His mother, Janet Rae Shokes, was about three months pregnant with him when his father, 25-year-old Edward Shokes, and a fellow Navy pilot took off on June 23, 1961, from Miramar Naval Air Station in San Diego. Six months later, the Grumman F9F Cougar was found smashed in pieces on the side of a steep ridge in the Little San Bernardino Mountains about 10 miles north of Indio.

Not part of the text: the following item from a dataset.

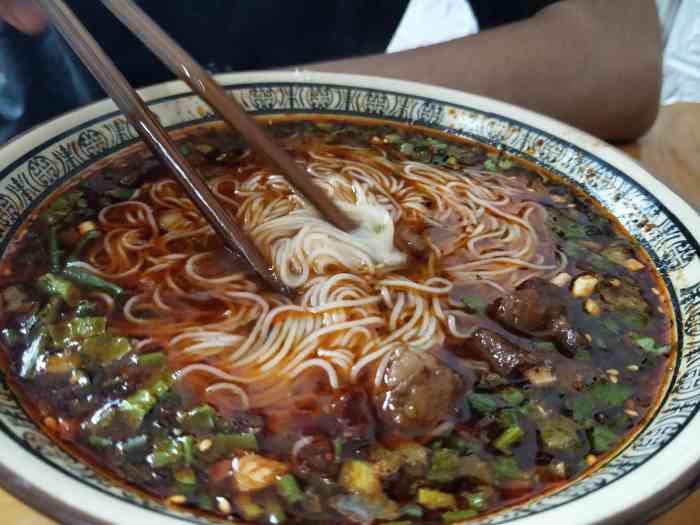 向记绵阳开元米线(药王路店)-"早晨想吃醪糟,张醪糟人太多,于是找了这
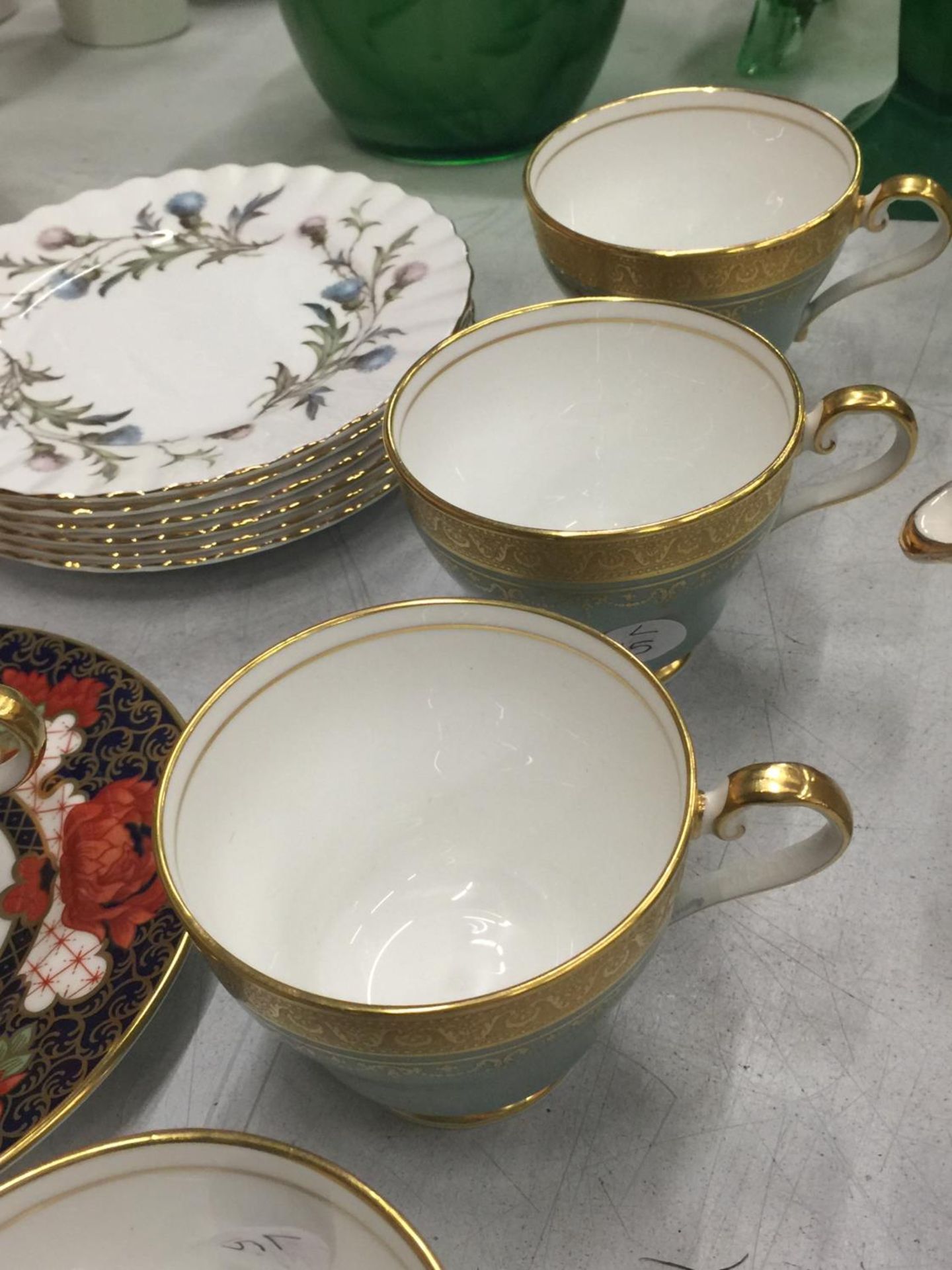 A QUANTITY OF AYNSLEY CUPS PLUS A ROYAL CROWN DERBY 'PEONY' PLATE, ROYAL ALBERT 'BRIGADOON' - Image 6 of 9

Shokes, now 47, never got to meet his father, but on Monday for the first time visited the place where his father died. He was able to do so with help from aircraft archaeologist Trey Brandt, who found the crash site in May. “This not-ever-meeting-your-father is like living with a ghost,” said Shokes, adding that his father was a handsome man who yearned to open his own photography shop. “My life definitely changed June 23, 1961.” Brandt’s Web site popped up when Shokes searched his name on the Internet. It featured information about his father’s accident, and many other military plane crashes. He was amazed when he read in detail about the crash, where it happened and that remnants of the plane remain strewn across the mountainside
Shokes, of Pensacola, Fla., contacted Brandt, who offered to take him to the site. Over the past 20 years, Brandt has located more than 300 crash sites in the deserts and mountains of the Southwest, gathering information on the wrecks from newspaper clippings and declassified documents from the Naval History and Heritage Command. Even though Shokes never met his father, he has at least partly followed in his father’s footsteps. He earned his pilot’s license in the early 1990s and, like his father, has an electrical engineering degree.